Review of Edge of Doom

Edge of Doom (1950)
6/10
Skillfully made but relentlessly despairing mix of noir and religion
16 November 2020
Warning: Spoilers
Some movies have deceptive titles, but "Edge of Doom" delivers exactly what it promises, lots of doom and gloom. How many other movies feature a character whose mother dies at the beginning of the movie, who then spends most of the rest of the movie trying in vain to raise money for her funeral? A sense of doom is also evoked unrelentingly in the art direction and cinematography, both of which are splendid. The movie could almost serve as a textbook of visual style for noir, with its shadowy city streets at night and claustrophobic interiors.
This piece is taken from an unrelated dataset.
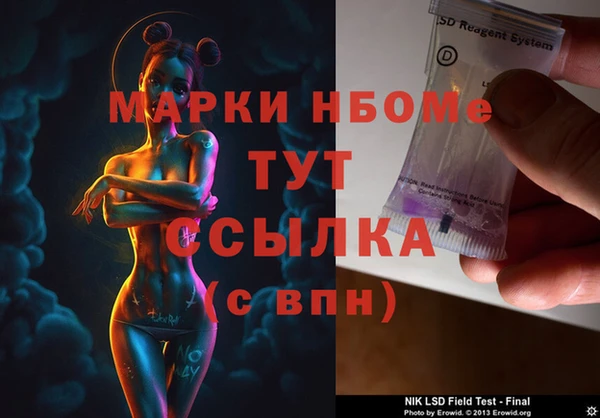 гашик Майский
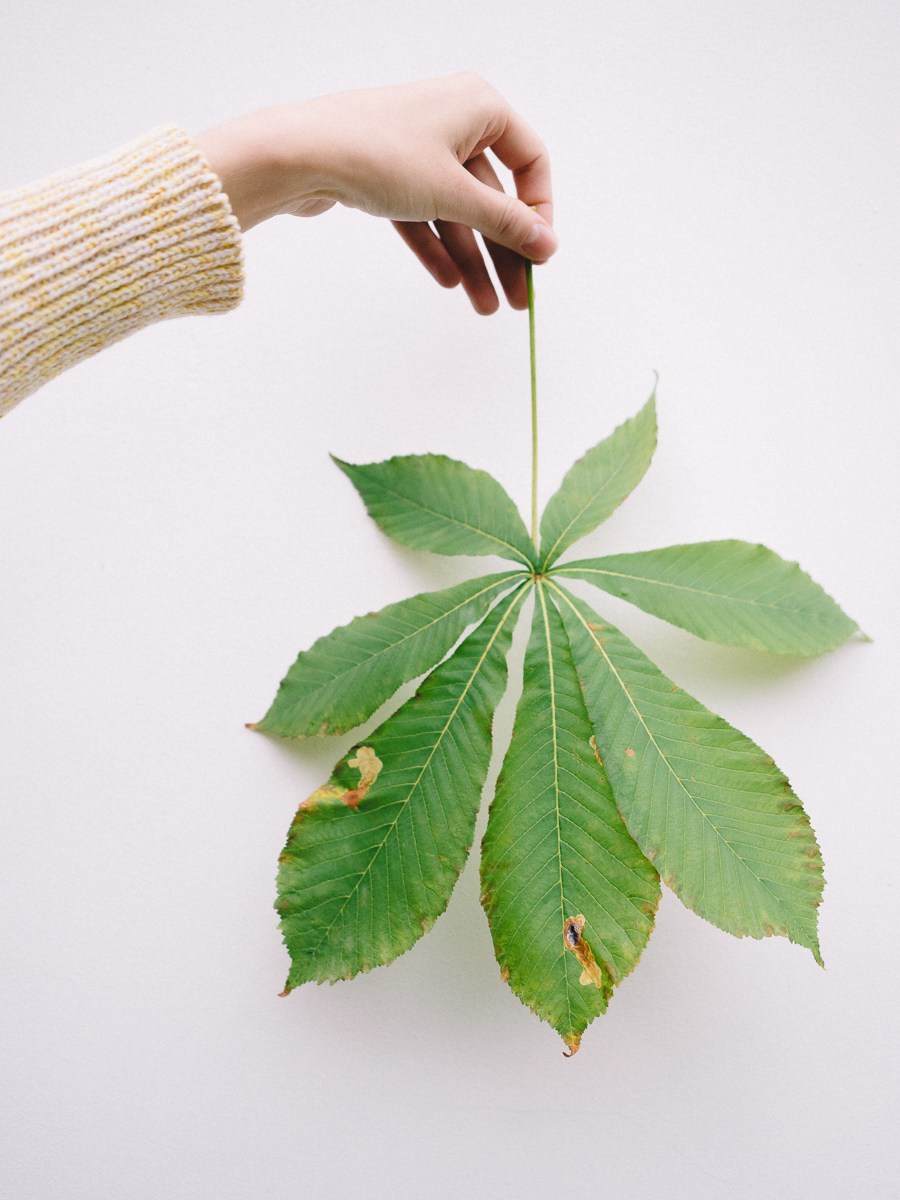 Индивидуальные женские. Андрейко Надежда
The seedy apartment building where most of the movie's main characters live is like one of the circles of hell in Dante.

You definitely feel for Farley Granger's character. (Even if it does get annoying to hear him say "my mother just died tonight" to almost literally every person he meets.) This movie gives Farley such a hard time that in the diner scene the cops take him jail before he can eat any of his food, even though he tells them he's starving, and then they make him pay the check!
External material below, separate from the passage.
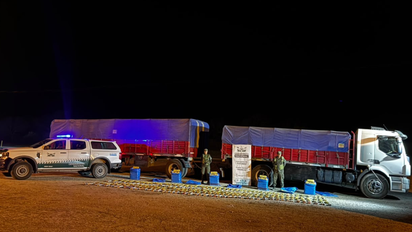 Control en Tucumán: gendarmes descubrieron 248 kilos de hojas de coca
I don't want to get into religion, or offend anyone, but I thought it was strange that the movie's "hero" is Dana Andrews priest/narrator character, as we are clearly shown that the church in this poor neighborhood is failing its parishoners. Granger's lashing at the arrogant old priest is at least understandable, given the man's lack of empathy for a woman who has put money in the church poor box every week that she clearly needed for herself and her family.
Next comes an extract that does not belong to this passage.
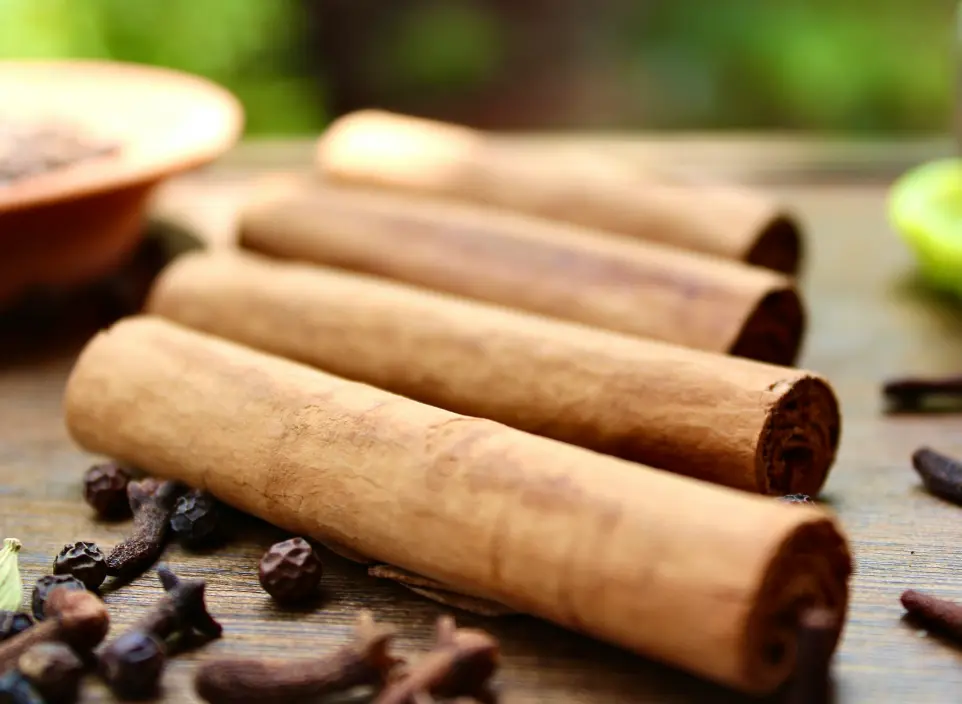Cinnamon Oleoresin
I found the ending unsatisfying, as Dana Andrews' narration ends and we are back to the present day Andrews says that Granger helped restore his faith, but he doesn't really seem to care much about him. He says that Granger writes him from his cell every week, but he's almost smiling when he says it. Since the whole movie was about Granger's plight, shouldn't we at least know what his sentence was? And then there's a last line about lemon in the tea that's supposed to end the movie on a comic note? Strange given everything that's come before. Well, I could never believe Dana Andrews as a priest anyway.